In the present study, Takotsubo syndrome was diagnosed in eight elderly females, which accounted for 0.05% of the whole population aged > 70 years referred for hip fracture, and 15% of patients with preoperative troponin increase. Six coronary angiographies allowed confirmation of the clinical diagnosis.

The study reports a population never described before in patients with hip fracture. Time to surgery has been highly variable in patients with Takotsubo syndrome since there were no recommendations or guidelines to follow. All patients had severe left ventricular dysfunction at the time of hospital admission with clinical signs of low output and pulmonary congestion. Therefore surgery was planned after hemodynamic stabilization and in the absence of significant complications. The overall small number of patients with Takotsubo syndrome does not allow definitive conclusions to be drawn. Nevertheless, long-term prognosis in these patients does appear significantly better than in patients with myocardial infarction.

Conclusion

Data from the present study confirm that myocardial infarction, diagnosed at the time of hospital admission, is associated with higher mortality in patients undergoing surgery for hip fracture. In acute coronary syndromes, interventional treatment before hip surgery may be related to a very high risk of bleeding in the site of the fracture, and at present no indication exists about preoperative invasive strategy in patients who need urgent non-cardiac surgery. Moreover, delay in the treatment of proximal fractures of the femur is associated with a low probability of functional recovery and with increased risk of early complications and death. Correct and early recognition of Takotsubo syndrome has particular relevance in patients who need urgent non-cardiac surgery. Segmental wall motion abnormalities are transient.
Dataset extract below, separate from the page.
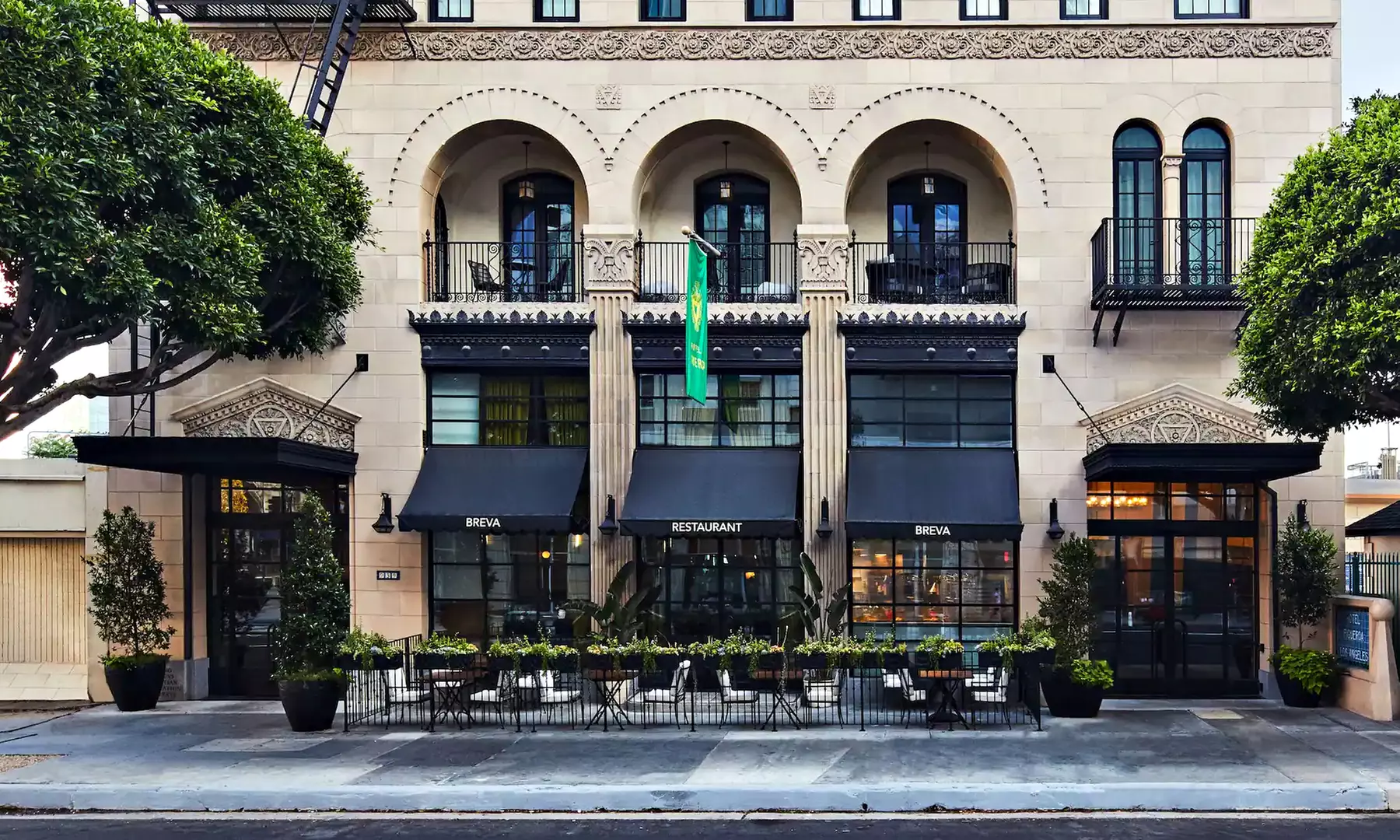 Spacious 4* Hotel in Downtown Los Angeles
Moreover, these patients had no significant epicardial coronary stenosis. These findings are associated with an acceptable surgical risk within a few days after the onset of symptoms. According to the data obtained in the present study, the prognosis in Takotsubo patients after hip fracture is significantly more favourable than in patients with peri-operative myocardial infarction. All eight patients were alive at thirty days, and seven of these patients survived to the one-year follow-up after hip surgery. Whether coronary angiography is needed in patients whose clinical presentation suggests stress cardiomyopathy syndrome requires to be evaluated by a more extensive multicentre study.